After an hour or so in the museum, we headed to the boardwalk and walked along the Lake Superior shore. White Canadian bunchberry lined the boardwalk pathway until we reached the beach sand where tussocks of yellow woolly beach heather took over.
Shoes off, we trudged through the sand. Wave worn stones littered the beach along with impressive pieces of driftwood. The water was numbingly cold. As we walked, the MV Paul R. Tregurtha, “Big Paul”, a lakes-based bulk carrier freighter, sailed past. At a length of 1013.5’, she is the current Queen of the Lake, a name unofficially given to the longest vessel currently operating in the Great Lakes.
By mid-afternoon, it was time to hit the road. We stopped in Sault Ste. Marie for some supplies and congratulated ourselves on the completion of the Lake Superior Circle Route, then headed across the International Bridge into Canada.
Crossing the bridge afforded us good views of the American Soo locks as well as St. Mary’s Rapids, the reason the locks were built in the first place.
With our previous experience, we made sure we’d completed our ArriveCan on-line paperwork for entering Canada and after a wait of about 30 minutes, we passed through the border without incident.

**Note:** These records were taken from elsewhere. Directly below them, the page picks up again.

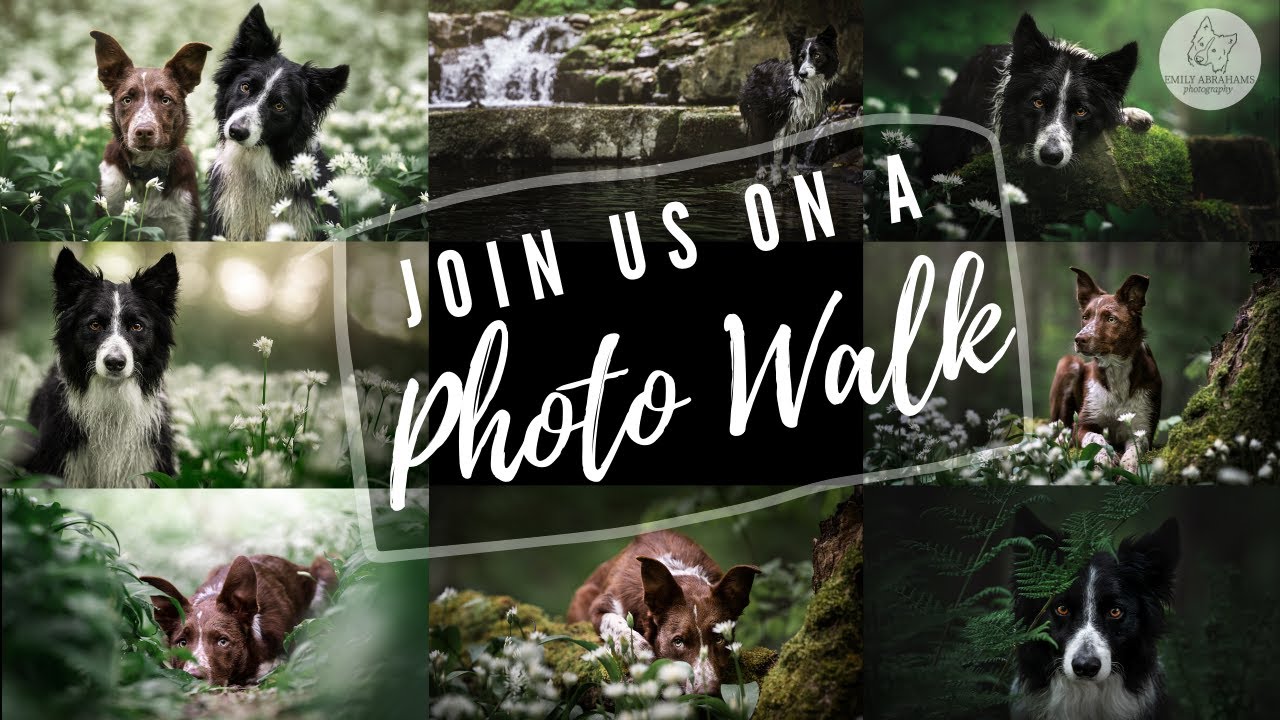 Join Us on a Photo Walk!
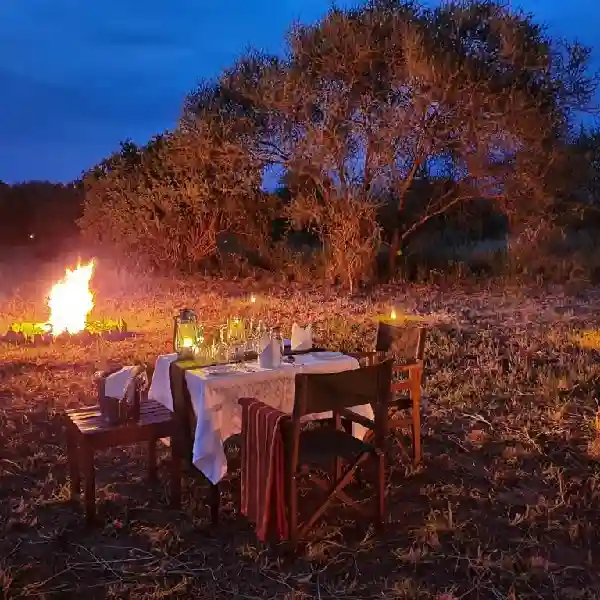 Wellworth Tarangire Kuro Treetops Lodge Hotel Booking by Crystal Tours Kenya (3)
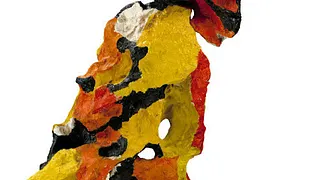 Karel Appel L'art est une fête !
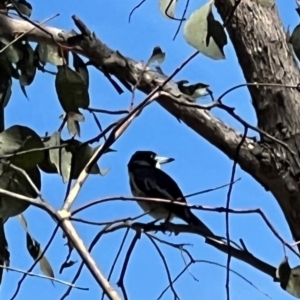 Cracticus torquatus at Sth Tablelands Ecosystem Park - 19 Jan 2024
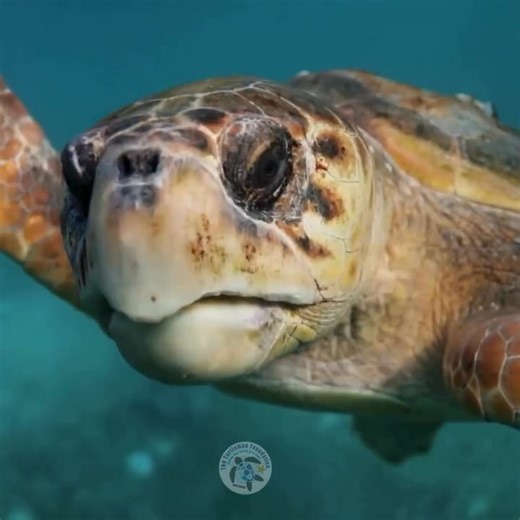 Strong, the one with the powerful jaw 💪🐢 Today’s spotlight is on the loggerhead sea turtle, famous for its massive head and incredibly strong beak. The Caretta caretta doesn’t have a delicate beak—it has one built to crush. Its powerful jaws allow it to break through crabs, shellfish, and hard-shelled mollusks, prey that many other sea turtles cannot eat. 🦀🐚 Every bite reflects millions of years of evolution, making this species a true guardian of balance in coastal and marine ecosystems. 🔬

There’s something about us being in Canada and rain. we were hoping it wasn’t because of us. As we were passing through Customs/Immigration, it started to sprinkle. By the time we turned onto the TransCanada Highway (17E), it was raining once again. We didn’t drive very far, only about 60 miles and opted to camp at a city park in Bruce Mines. The campsites were rough, but spacious and private. The campground offered very basic amenities. There were hordes of mosquitoes, all ravenous. No matter, we were snug in Blanche and spent a peaceful night with rain pattering on the roof and most of the mosquitoes on the outside.